Happy December 2nd, we’re back at it again for Day 2 of TryHackMe’s Advent of Cyber event! I posted about yesterdays challenge for Day 1, if you want to get caught up on the event or you’re not super familiar with it, I explain it some more over there. Again, to go along with the holiday season and this event of daily challenges, I’m going to try my best to complete the new challenge each day and some days I might post writeup here, like I am again today. This won’t be a daily thing as each days challenge is very long, and I am fastly approaching finals week but I’ll post here when possible. Today isn’t a super long walkthrough but lets get into the challenge!
Day 2: One man's false positive is another man's potpourri.
Todays challenge focuses on:
Log analysis
Making the decision between True Positives or False Positives
Helping Wareville’s SOC team differentiate TPs from FPs.
Read through the provided info in the task to learn more about True Positives, False Positives and Security Operations Center (SOC) analysts.
Hit the start machine button and give it about five minutes for it to initialize before accessing the URL, if you go to it right away you will be met with a 502 Forbidden error. After about five minutes, you should be able to access the Elastic login page. Use the provided credentials to gain access and you are ready to begin. Once you are in it might be a lot if you have never seen an application similar to it, follow along with TryHackMe’s steps to learn how to navigate the site, change the date and time of the logs, look at specific details of each log, and filtering. The main area of focus for information will be the bar graph showing system activity and the columns below it showing details regarding each log.
THM for todays challenge does a very good job at explaining step by step what you are doing and the importance of those steps. It even shows where to find answers regarding the questions for today without revealing the actual answer, and it introduces one of my favourite tools, CyberChef. If you need help with the challenge, read through all the info they provide as it breaks down everything really nicely.
Questions
Question 1: What is the name of the account causing all the failed login attempts?
Filtering for the event.outcome is failure will show failed login attempts and reveal the account.
Question 2: How many failed logon attempts were observed?
Keeping on the same filter as above, listed just below where the filter is and in the top left corner of the chart will be the hits. This is the amount of logs that are counted within a certain timeframe. The timeframe I have set is from Nov 29, 2024 00:00 to Dec 1, 2024 09:30.
Question 3: What is the IP address of Glitch?
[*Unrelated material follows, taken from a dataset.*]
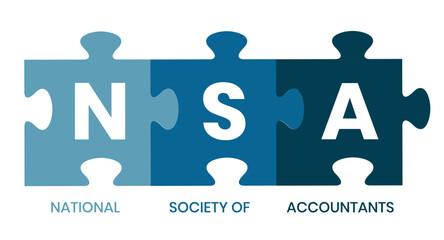 NSA - National Society of Accountants acronym. business concept background. vector illustration concept with keywords and icons. lettering illustration with icons for web banner, flyer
Setting our filters as user.name is service_admin, event.category is authentication, and event.outcome is not failure, will give us a very short list of 11 successful login attempts. Looking through the list of IPs will reveal one IP that stands out from the rest with a hostname that is also different than the common “WareHost-#”. This reveals the Glitch’s IP address.
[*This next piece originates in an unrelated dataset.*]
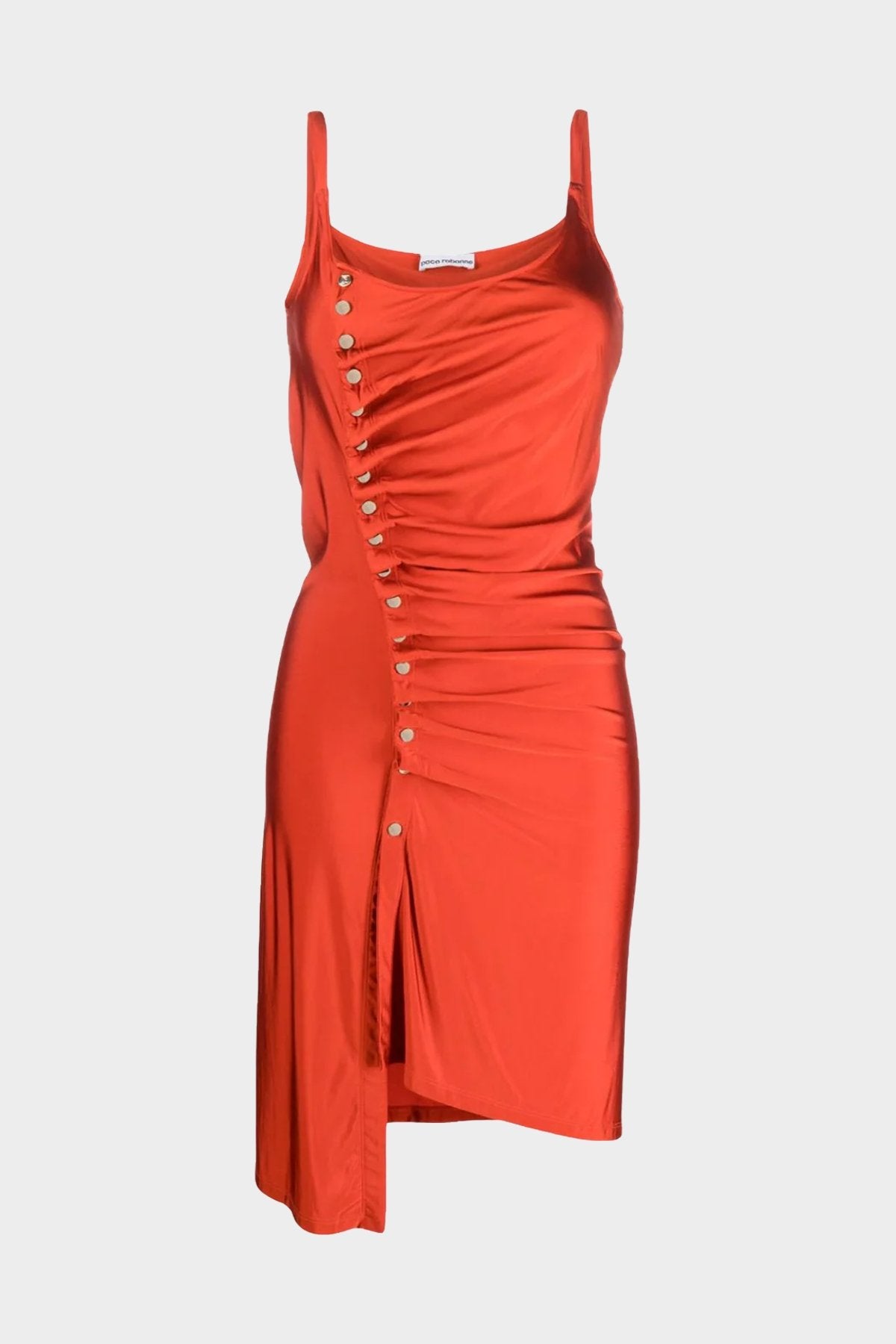 Draped-Panel Sleeveless Dress in Paprika - shop-olivia.com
Question 4: When did Glitch successfully logon to ADM-01? Format: MMM D, YYYY HH:MM:SS.SSS
Looking closer at the log from the last question revealing the IP will also show the successful logon time under the Time column.
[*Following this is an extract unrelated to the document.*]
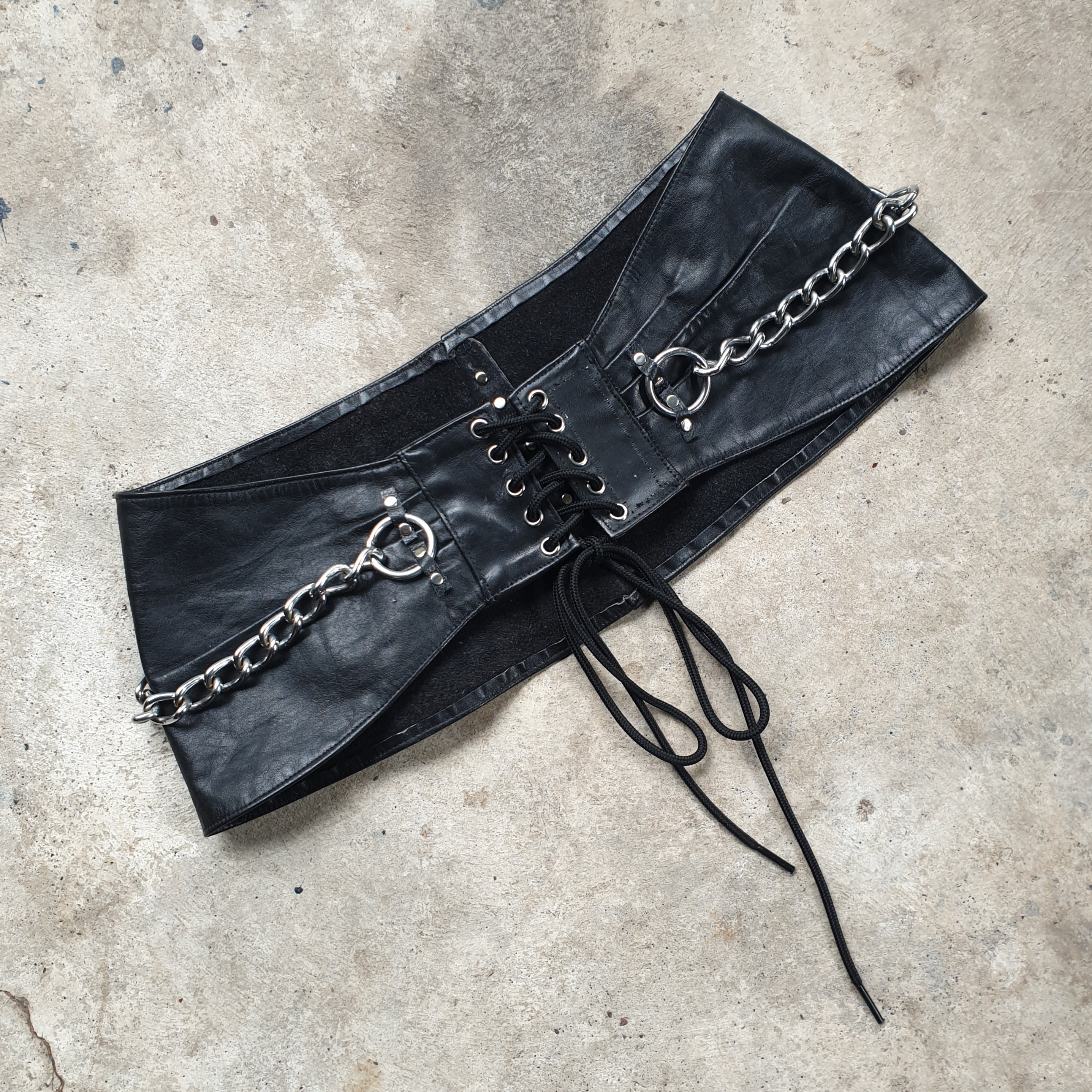 Handmade/Upcycled Leather & Chain Corset Belt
Question 5: What is the decoded command executed by Glitch to fix the systems of Wareville?
Removing the filter for the event.category is authentication will show some new logs for some processes. Looking closely at the process.command_line will reveal “-EncodedCommand” followed by a string of characters. Copying that string and putting it into something like CyberChef will help us decode it and reveal the command. Stated in the room, it looks to be Base64 so that is what we are going to use to decode it. After using “From Base64” you can either decode it further for it to be more easily readable or just by looking between all the “NUL” in the output with reveal the command.
Question 6: If you enjoyed this task, feel free to check out the Investigating with ELK 101 room.
Conclusion
This challenge was a great start for learning more about True Positives and False Positives, and getting the chance to practice differentiating between the two. Introducing users to tools like CyberChef and Elastic is also great because they really walk you through how to use an application like Elastic. And it was a nice simple introduction to what a tool like CyberChef can do without it overtaking the main point of the room which was log analysis. I’m looking forward to the challenge tomorrow!